Dispositional approach – an approach to OB that believed that individuals display
stable traits and characteristics that influence attitudes and behaviors. Encouraged the
use personality tests to find candidates with the “correct” personality. This approach
has not been completely supported by research.
Situational approach – characteristics of the organizational setting such as rewards
and behaviors influence peoples’ feelings, attitudes and behaviors.
Person–situation debate – on-going debate in OB as to which approach (disposition or
situation) is most effective at predicting and explaining behavior
Interactionist approach (interactionism) – organizational behavior is a function of
both dispositions and situation. Currently the most widely accepted approach to
organizational behavior. The importance of personality or situation in influencing
behavior depends upon the nature of the situation.
The Big Five
The Five Factor Model of Personality
There are five basic but general dimensions that describe personality. Consider each
factor as a spectrum or scale from high to low:
Extroversion – outgoing, sociable and talkative vs. shy, withdrawn, avoids social
interactions
Emotional stability – emotional control, self-confidence, self-esteem vs. self-doubt,
anxiety, depression
Agreeableness – friendly, approachable, warm and considerate vs. cold and aloof
Conscientiousness – responsible, achievement oriented, dependable and positively
motivated vs. careless, impulsive and unreliable
Organizational Behavior Ted Mock
MGTB23
Openness to experience – person thinks flexibly, is open to new ideas, curious and
original vs. dull, unimaginative and favors the status quo
Conscientiousness is the strongest predictor of job performance of all the Big Five
Factors. Extroversion has been positively linked to good performance in management
and sales positions.
Conscientiousness positively linked to retention and attendance and negatively related
to theft, absenteeism and disciplinary problems
Extroversion linked to higher absenteeism
Locus of Control - A set of beliefs about whether one’s behavior is controlled mainly by
internal or external forces
High locus of control – belief that one controls their own destiny. Strong belief in
free will and self-initiative
Low locus of control – power in life resides outside self – fate, luck or powerful
people
People with high locus of control earn more money, are more satisfied with their jobs,
and achieve higher organizational positions. Perceive less stress, cope better with
stress and engage in more careful career planning
Self-Monitoring – the extent to which people observe and regulate how they appear
and behave in social settings and relationships
High self-monitoring employees behave somewhat like actors – they show concern for
socially appropriate behavior, tune in to social and interpersonal cues and regulate their
behavior and self-presentation to these cues. They may have strong communication
and persuasive skills. They may have difficulty in ambiguous situations, may be weak
innovators and have difficulty resisting social pressure.
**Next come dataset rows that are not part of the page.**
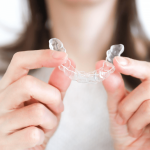 マウスピース矯正は本当に効果がある？歯が動く仕組みや効果を高めるポイントを解説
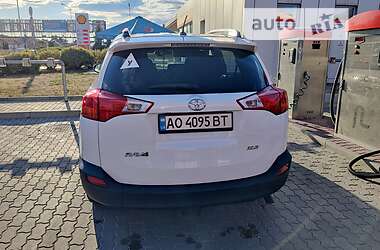 Позашляховик / Кросовер Toyota RAV4 2015 в Мукачевому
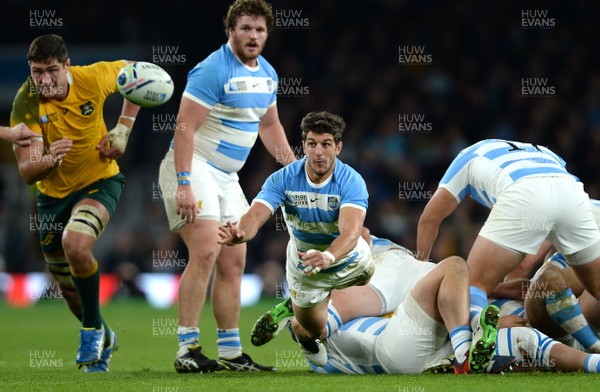 251015 - Argentina v Australia - Rugby World Cup Semi Final 2015 -Tomas Cubelli of Argentina gets the ball away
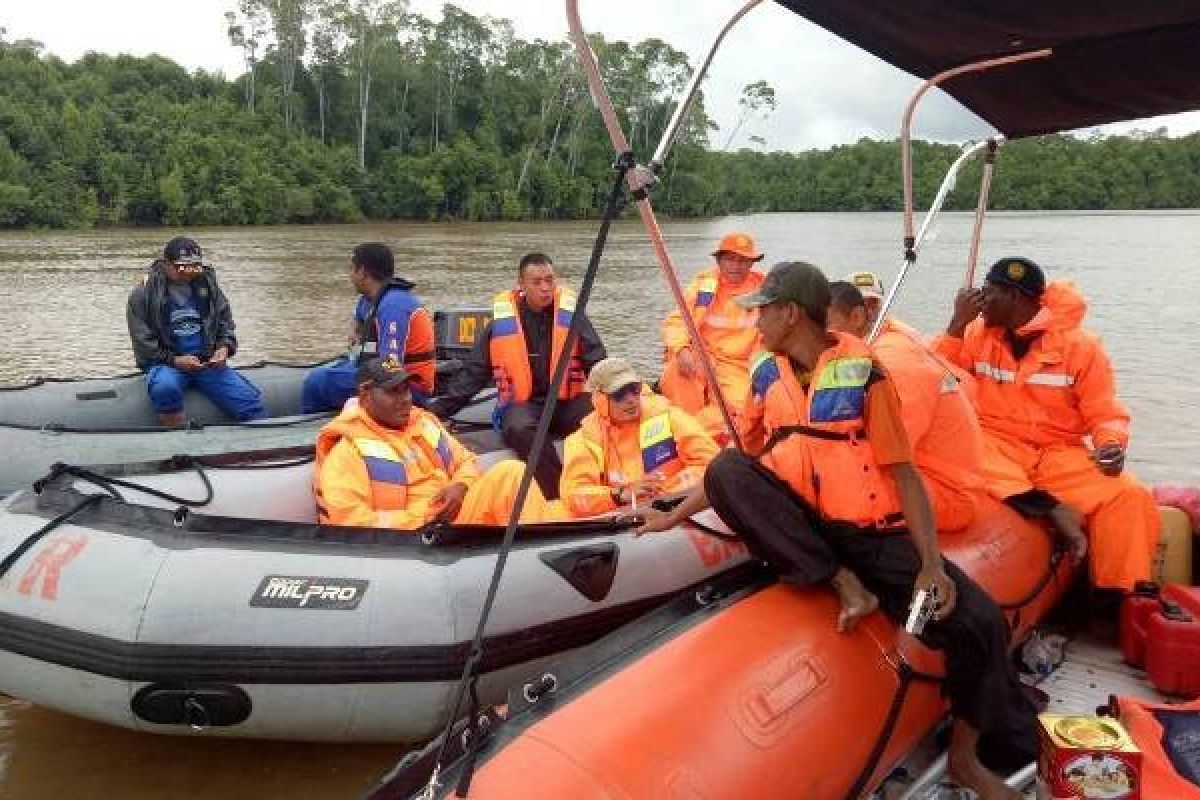 Tiga regu penyelemat cari korban kecelakaan perahu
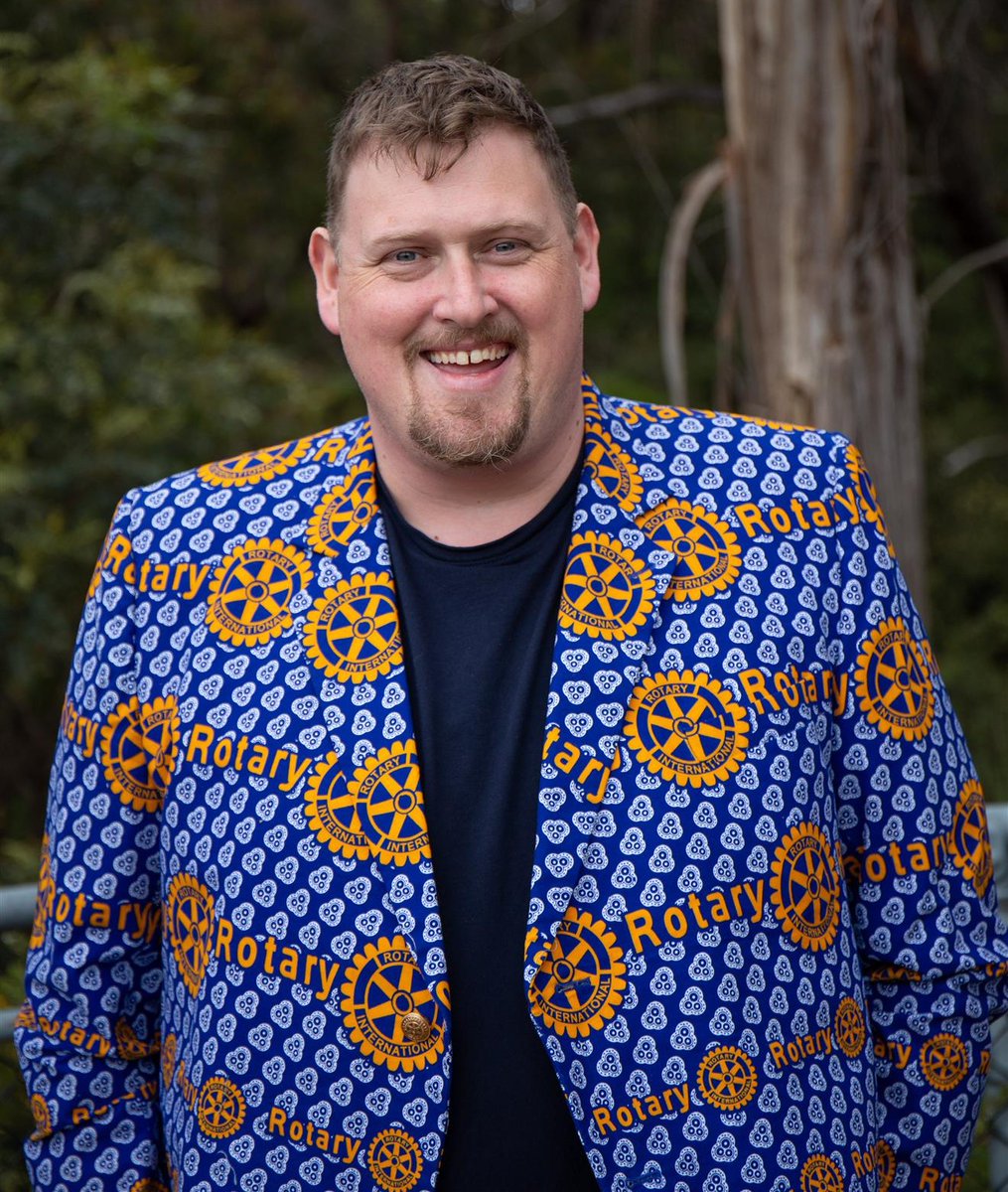 SoonerRotary's tweet photo. Crikey! Come join Norman's 4 Rotary clubs at the Rotary After Hours come-and-go event from 5-8 pm Thurs, April 13, at The Standard in Norman. It's a great chance to meet Aussie and 20-year Rotarian Evan Burrell, the keynote speaker for this year's District Conference. #Rotaryfun https://t.co/sOJX1J8nN1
Self-Esteem – the degree to which a person has positive self-evaluation (how well they
like them self)
Low self-esteem people may be uncertain about the correctness of their
opinions, attitudes and behaviors
Low self-esteem people react poorly to negative feedback – it lowers their
subsequent performance. Therefore managers must be careful about using
negative feedback with low self-esteem employees. Also, don’t assign low self-
esteems to jobs that entail a great deal of negative feedback and rejection eg.
Insurance sales
High self-esteems experience higher job satisfaction, higher work performance
and are more resilient to the strains of work life
Behavioral Plasticity Theory – people with low self-esteem tend to be more
susceptible to external and social influences than those with high self-esteem
Organizational Behavior Ted Mock
MGTB23
Since low self-esteem people may be uncertain about the correctness of their
opinions, attitudes and behaviors, they are more likely to look to others for
information and confirmation
Positive Affectivity (PA) – tendency to view the world, self and others in a positive
light. Generally cheerful, enthusiastic, lively, sociable and energetic. Positively related
to job satisfaction, job performance and creativity
Negative affectivity (NA) - tendency to view the world, self and others in a negative
light. Generally distressed, depressed and unhappy. Associated with lower job
satisfaction, lower job performance and higher levels of workplace stress
Proactive Behavior – taking initiative to improve current circumstances or creating new
ones
Proactive Personality – a stable personal disposition that reflects the tendency to take
personal initiative across a range of activities and situations to affect positive change in
one’s environment.
Individuals with high degree of this characteristic show initiative, take action and
persevere to bring about meaningful change. Prefer to control their environment.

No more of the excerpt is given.